ÜRETİMDE ARTIŞ BEKLİYORUZ
Uçak, bütün dünyada olduğu gibi pamuk üretiminin sürdürülebilirliği konusundaki temel sorunun üreticileri tatmin edecek fiyat düzeyinin oluşmamasından kaynaklandığının altını çizerek, Ülkemizde de pamuk fiyatları herhangi bir gümrük vergisi koruması olmaması nedeniyle genel olarak orta ve uzun dönemde dünya fiyatları ile paralel bir seyir izliyor. Ancak, döviz kurlarındaki gelişmeler, arz ve talepte yaşanan geçici dalgalanmalar ve diğer ekonomik gerekçelerle yurtiçi pamuk fiyatlarında dünya piyasalarından artı ya da eksi yönde kısa dönemli ayrışmalarda görülebiliyor. 2016/17 sezonunda da benzer bir durumu yaşadık. Kur riskini almak istemeyen yerli tekstil sanayicisi ithalat bağlantısı yapmadı ve ihtiyacını yerli pamukla karşılamaya döndü. Dolarda da yükseliş olmasıyla birlikte yerli pamuk stokları bir anda tükendi. Şu anda sadece Egede değil Çukurovada, Güneydoğu Anadoluda da pamuk kalmadı. Bundan sonraki ihtiyaçlar ancak ithalatla karşılanabilecek. İşlem olmadığı için yeni sezona kadar İzmir Ticaret Borsasında fiyat belirlemek mümkün değil. Tekstilcimizin bazı zorunlu gerekçelerle de olsa ihtiyacını yerli pamukla karşılamayı tercih etmesinin memnuniyet verici olduğunu söyleyebiliriz. 2017/18 sezonu için Türkiye pamuk üretiminde yüzde 15-20 seviyelerinde bir artış tahmin ediyoruz.

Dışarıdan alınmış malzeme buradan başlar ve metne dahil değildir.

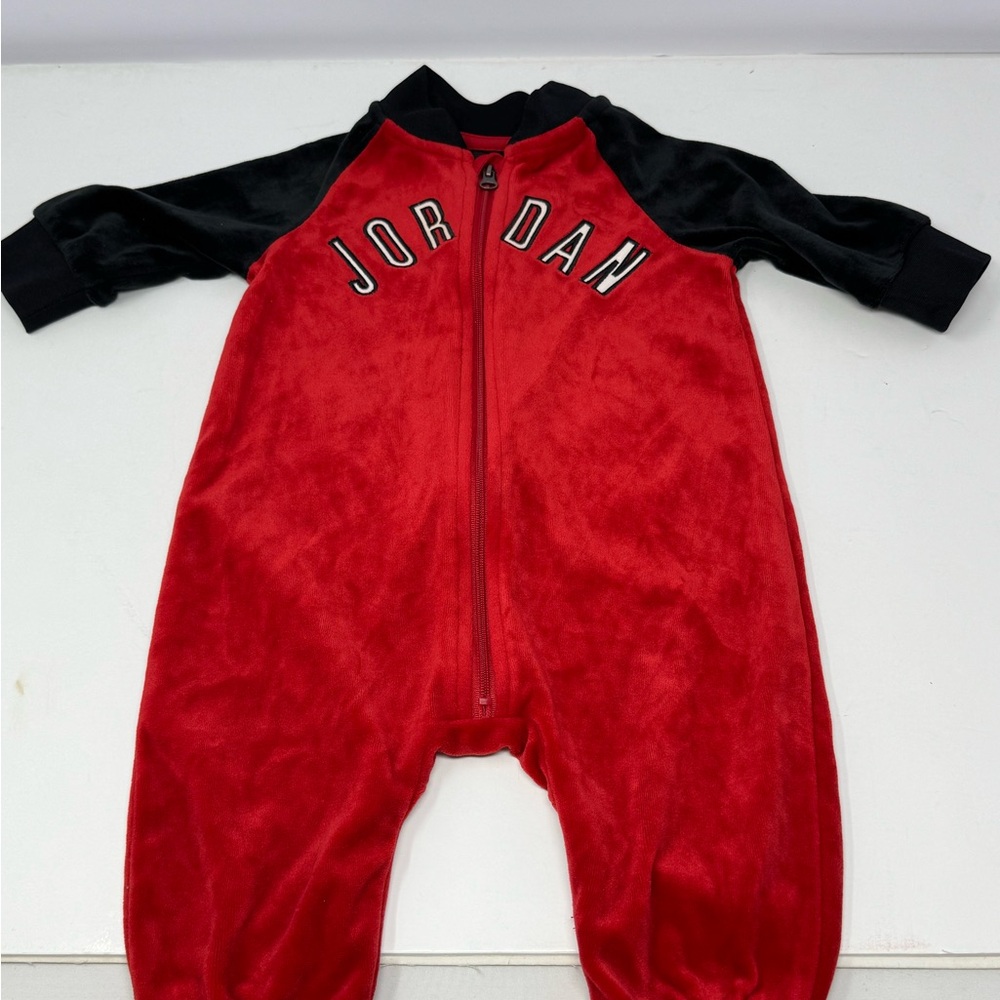 Air Jordan Baby Bodysuit Toddler Newborn Boys One Piece Nike Red/Black Sz 6M  A8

Hasat dönemindeki hava şartlarında önemli bir sorun olmazsa kalite açısından da iyi bir sezon geçireceğimizi söyleyebiliriz diye konuştu.
1 MİLYON TON ÜRETİMİ AŞABİLİRİZ
Kısa ve orta vadede tekstil ve konfeksiyon sektörünün ihtiyaç duyduğu miktarda bir buçuk milyon ton pamuğu üretemeyebileceklerine değinen Uçak, Belirli bir miktar ithalatımız her zaman olabilecektir. Ancak, şimdiki fiyat seviyelerinin devam etmesi durumunda önümüzdeki birkaç sezonda Türkiye pamuk üretiminin 1 milyon tonu aşacağını söyleyebiliriz. Türk pamuk sektörü olarak bu noktadan sonra odaklanmamız gereken asıl konu kalite olmalıdır. Bu amaç için pamuğun üretilmesinden, çırçırlanmasına kadar geçen süreçteki tüm aşamalarda gerçekleştirilen AR-GE çalışmaları artarak devam etmeli, gereken altyapı yatırımları için destek mekanizmaları hayata geçirilmelidir şeklinde konuştu.
YERLİ PAMUK DESTEKLENMELİ
Uçak, 2017/18 sezonunun Türk pamukçuluğu için bir sınav yılı olacağının altını çizerek konuşmasını şöyle sonlandırdı: Bu sınavı başarılı bir şekilde tamamlayabilmek için tüm sektör paydaşlarının dikkat etmesi gerektiğini düşündüğüm birkaç noktaya kısaca değinmek istiyorum. Üreticilerimiz pamuk hasadını uygun zamanlarda yapmalı ve temizliğe çok önem vermelidir. Çırçır işletmelerimiz depo alanlarını genişleterek depolamadan kaynaklanan sorunları minimum seviyelere çekmeli ve işletmelerinde varsa eksik altyapılarını tamamlamalıdır. Tekstil sanayicimiz yerli pamuğun sağladığı avantajları göz önüne alarak talebini ağırlıklı olarak bu yönde kullanmalıdır. Bunlara ilave olarak da devletimiz, tekstil işletmelerimizin yerli pamuk kullanmalarını teşvik edecek destek mekanizmalarını mutlaka hayata geçirmelidir. Bu sınavdan başarılı bir şekilde çıkmamız durumunda tekstil sanayimizin talep ettiği miktarda pamuğu ileriki yıllarda yurtiçinde üretme şansımızın olacağına inanıyor, bu durumunda küresel piyasalarda tekstil ve konfeksiyon sanayimize önemli bir rekabet avantajı getireceğini düşünüyorum.